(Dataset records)

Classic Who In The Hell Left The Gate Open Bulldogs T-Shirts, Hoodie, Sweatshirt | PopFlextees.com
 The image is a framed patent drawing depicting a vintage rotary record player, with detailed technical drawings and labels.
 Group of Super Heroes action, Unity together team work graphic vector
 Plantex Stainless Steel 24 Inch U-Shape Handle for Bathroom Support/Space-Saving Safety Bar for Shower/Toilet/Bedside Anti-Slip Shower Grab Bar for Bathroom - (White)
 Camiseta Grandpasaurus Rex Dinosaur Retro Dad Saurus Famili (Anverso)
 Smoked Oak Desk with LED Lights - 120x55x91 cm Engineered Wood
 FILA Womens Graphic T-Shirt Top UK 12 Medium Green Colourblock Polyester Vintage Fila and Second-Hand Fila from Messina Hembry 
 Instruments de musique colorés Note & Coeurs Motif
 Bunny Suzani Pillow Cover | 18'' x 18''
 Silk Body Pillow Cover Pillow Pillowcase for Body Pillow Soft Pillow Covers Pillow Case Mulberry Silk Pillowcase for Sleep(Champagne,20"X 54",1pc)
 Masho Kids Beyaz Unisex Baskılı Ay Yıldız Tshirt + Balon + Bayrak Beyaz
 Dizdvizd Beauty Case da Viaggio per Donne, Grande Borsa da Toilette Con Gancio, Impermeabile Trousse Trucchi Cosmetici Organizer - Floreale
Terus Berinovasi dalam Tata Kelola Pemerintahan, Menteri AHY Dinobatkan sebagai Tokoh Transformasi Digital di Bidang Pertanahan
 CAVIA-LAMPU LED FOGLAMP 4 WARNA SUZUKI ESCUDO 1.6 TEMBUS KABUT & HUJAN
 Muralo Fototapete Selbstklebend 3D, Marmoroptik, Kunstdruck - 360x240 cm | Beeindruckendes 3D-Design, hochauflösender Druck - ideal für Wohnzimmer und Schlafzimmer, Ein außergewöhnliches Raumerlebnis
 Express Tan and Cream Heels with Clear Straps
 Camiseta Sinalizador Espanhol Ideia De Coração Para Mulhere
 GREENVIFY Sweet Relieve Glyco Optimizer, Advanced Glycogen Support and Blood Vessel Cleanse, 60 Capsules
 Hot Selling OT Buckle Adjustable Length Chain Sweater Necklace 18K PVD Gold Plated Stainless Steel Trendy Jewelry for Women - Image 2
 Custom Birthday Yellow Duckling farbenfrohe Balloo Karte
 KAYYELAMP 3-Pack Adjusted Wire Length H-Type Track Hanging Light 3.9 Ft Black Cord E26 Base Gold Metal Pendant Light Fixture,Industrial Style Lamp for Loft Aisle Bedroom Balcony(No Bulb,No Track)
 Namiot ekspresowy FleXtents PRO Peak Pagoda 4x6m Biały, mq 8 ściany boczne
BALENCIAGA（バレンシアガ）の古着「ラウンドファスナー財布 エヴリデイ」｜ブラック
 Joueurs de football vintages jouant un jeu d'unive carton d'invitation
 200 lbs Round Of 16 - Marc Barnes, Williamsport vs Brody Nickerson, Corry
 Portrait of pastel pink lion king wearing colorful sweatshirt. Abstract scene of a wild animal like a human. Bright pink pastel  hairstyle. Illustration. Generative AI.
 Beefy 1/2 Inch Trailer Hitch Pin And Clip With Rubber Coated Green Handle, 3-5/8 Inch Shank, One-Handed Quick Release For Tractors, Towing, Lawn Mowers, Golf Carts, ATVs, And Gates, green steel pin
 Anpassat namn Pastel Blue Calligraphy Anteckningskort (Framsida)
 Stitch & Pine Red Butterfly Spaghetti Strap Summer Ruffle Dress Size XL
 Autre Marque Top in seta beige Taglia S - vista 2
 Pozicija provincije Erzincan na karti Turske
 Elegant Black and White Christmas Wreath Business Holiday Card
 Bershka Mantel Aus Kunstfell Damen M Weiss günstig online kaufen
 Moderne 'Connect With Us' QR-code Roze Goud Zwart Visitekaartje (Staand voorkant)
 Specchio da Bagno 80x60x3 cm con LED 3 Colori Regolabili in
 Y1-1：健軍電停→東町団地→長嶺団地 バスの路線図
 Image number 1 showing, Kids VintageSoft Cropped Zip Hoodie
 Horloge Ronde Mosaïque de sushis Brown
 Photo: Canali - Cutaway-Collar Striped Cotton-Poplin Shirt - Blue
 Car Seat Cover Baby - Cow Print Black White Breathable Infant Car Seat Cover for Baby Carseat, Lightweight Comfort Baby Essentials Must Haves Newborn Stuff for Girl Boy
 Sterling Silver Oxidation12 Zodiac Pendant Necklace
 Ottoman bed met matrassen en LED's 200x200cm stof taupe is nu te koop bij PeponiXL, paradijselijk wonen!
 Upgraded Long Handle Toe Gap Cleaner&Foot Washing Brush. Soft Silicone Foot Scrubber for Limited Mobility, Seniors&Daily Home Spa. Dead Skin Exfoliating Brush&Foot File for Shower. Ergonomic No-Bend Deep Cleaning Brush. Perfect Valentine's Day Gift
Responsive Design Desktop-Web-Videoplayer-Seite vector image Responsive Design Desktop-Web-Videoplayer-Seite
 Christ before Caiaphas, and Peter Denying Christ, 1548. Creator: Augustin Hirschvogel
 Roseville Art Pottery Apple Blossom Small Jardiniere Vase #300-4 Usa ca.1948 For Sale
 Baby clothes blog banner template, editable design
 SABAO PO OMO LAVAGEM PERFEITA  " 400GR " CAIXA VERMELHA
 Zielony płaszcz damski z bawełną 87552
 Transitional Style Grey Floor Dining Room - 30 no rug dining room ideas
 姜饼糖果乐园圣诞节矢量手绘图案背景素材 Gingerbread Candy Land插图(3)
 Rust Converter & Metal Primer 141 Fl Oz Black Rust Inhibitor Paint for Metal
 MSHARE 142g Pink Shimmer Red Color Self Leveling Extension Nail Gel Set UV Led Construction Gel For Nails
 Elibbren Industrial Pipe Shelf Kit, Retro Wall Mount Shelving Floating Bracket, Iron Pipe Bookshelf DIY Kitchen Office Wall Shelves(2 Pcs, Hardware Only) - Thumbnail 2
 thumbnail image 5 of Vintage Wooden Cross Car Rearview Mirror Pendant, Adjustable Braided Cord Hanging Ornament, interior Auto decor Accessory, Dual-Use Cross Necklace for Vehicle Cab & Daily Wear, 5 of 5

*WHAT THE EXERCISE ASKS*.
Reproduce the entries exactly, starting at their first line and stopping after the line with "Bunny Suzani Pillow Cover | 18'' x 18''".

*TASK RESULT*.
Classic Who In The Hell Left The Gate Open Bulldogs T-Shirts, Hoodie, Sweatshirt | PopFlextees.com
 The image is a framed patent drawing depicting a vintage rotary record player, with detailed technical drawings and labels.
 Group of Super Heroes action, Unity together team work graphic vector
 Plantex Stainless Steel 24 Inch U-Shape Handle for Bathroom Support/Space-Saving Safety Bar for Shower/Toilet/Bedside Anti-Slip Shower Grab Bar for Bathroom - (White)
 Camiseta Grandpasaurus Rex Dinosaur Retro Dad Saurus Famili (Anverso)
 Smoked Oak Desk with LED Lights - 120x55x91 cm Engineered Wood
 FILA Womens Graphic T-Shirt Top UK 12 Medium Green Colourblock Polyester Vintage Fila and Second-Hand Fila from Messina Hembry 
 Instruments de musique colorés Note & Coeurs Motif
 Bunny Suzani Pillow Cover | 18'' x 18''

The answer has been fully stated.